Fishermen in Liberian are not known to be covered by any insurance program. And so, their deaths at sea are often the responsibilities of their families and friends, therefore increasing the cost of industry-wide risk to individual fishermen.
“Some of us were born in Liberia, and since the time of President Charles Taylor up to Ma Ellen time, this is the first time we’re noticing such a huge increase when it comes to fees and registration of canoes in Sinoe County,” Kwakwu added.
“We are, therefore, appealing to the government to please reduce the money so that we can be able to pay. Because for some of us, our children and family [are] depending on us to survive. And if we are just sitting and doing nothing, who will help take care of them?”
The increase in fees and registration has already begun to impact the fishing industry in the county. The number of canoes going out to sea has dropped because some fishermen are yet to pay the new fees. Prices of fish and fish products have also increased as demand outpaces fishermen’s ability to supply the market. The market price for two snapper fish – a popular dietary favorite of many Liberians – is now L$300 (US$1.54) at the port city of Greenville.
Long lines of market women wishing to buy directly from the fishermen can now be seen along Sinoe’s beaches on a daily basis. This situation has continued unabated for nearly two weeks now.
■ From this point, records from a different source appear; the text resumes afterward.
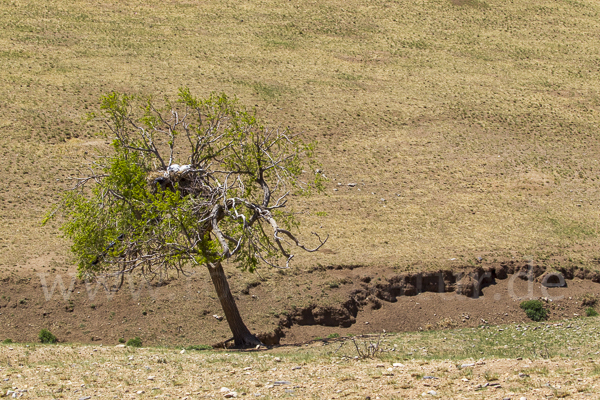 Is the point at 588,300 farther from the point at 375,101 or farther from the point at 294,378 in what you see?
the point at 375,101

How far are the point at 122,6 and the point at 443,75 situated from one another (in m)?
29.0

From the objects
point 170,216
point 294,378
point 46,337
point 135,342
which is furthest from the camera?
point 46,337

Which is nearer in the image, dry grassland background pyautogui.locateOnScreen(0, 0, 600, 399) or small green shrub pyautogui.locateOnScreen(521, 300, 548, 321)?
dry grassland background pyautogui.locateOnScreen(0, 0, 600, 399)

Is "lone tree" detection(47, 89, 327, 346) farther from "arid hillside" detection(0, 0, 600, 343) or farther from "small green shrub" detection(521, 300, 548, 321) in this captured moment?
"small green shrub" detection(521, 300, 548, 321)

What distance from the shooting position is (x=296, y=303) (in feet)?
72.6

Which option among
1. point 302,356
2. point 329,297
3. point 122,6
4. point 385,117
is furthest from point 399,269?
point 122,6

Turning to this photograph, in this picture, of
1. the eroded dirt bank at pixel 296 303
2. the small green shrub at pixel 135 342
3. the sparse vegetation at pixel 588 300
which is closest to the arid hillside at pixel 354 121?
the eroded dirt bank at pixel 296 303

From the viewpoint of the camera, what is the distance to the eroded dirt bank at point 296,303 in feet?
66.3

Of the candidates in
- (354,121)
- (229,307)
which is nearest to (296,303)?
(229,307)

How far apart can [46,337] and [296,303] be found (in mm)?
8572

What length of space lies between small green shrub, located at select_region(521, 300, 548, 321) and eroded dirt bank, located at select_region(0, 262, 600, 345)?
28cm

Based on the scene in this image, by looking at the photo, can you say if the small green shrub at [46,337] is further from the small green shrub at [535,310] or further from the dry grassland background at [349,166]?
the small green shrub at [535,310]

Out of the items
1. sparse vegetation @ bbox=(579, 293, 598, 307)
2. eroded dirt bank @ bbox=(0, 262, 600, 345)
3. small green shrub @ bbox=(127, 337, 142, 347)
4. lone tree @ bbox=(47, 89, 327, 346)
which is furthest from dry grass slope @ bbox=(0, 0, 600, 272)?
lone tree @ bbox=(47, 89, 327, 346)

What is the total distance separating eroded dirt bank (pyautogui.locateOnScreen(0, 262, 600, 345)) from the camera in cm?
2022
A local market woman, Oretha Nimely, explained her ordeal, “Since this afternoon, we been here waiting to see whether we can get small fish. But it is not easy. Even the number of canoes that used to go on the water is no longer the number again, because of what the government now says the fishermen should pay.”
But authorities at NaFAA are pushing back against the fishermen’s complaint, insisting that the new fees are in line with reports in the industry’s licensing rules.
According to Lewis Konoe, NaFAA’s spokesman, these new regulations are intended to raise revenues for the government from the fishing industry, especially from fishermen engaged in semi-industrial fishing throughout the nine coastal counties, based upon the capacity of outboard machines, or motorized fishing boats.
The new fees for small scale fishing licenses have already gone into effect.
NaFAA is adamant it will not compromise the enforcement of these new fees and related penalties against uncompliant fishermen. It says absolutely no fisherman will be permitted to fish who does not possess an up-to-date license.
A joint inter-agency fisheries task force has already been set up to vigorously inspect and enforce compliance across Liberia’s coastal communities. The task force includes the Liberia National Police, the Coast Guard, the Ministry of Commerce, the Liberia Drugs Enforcement Agency, and the Liberia Immigration Services.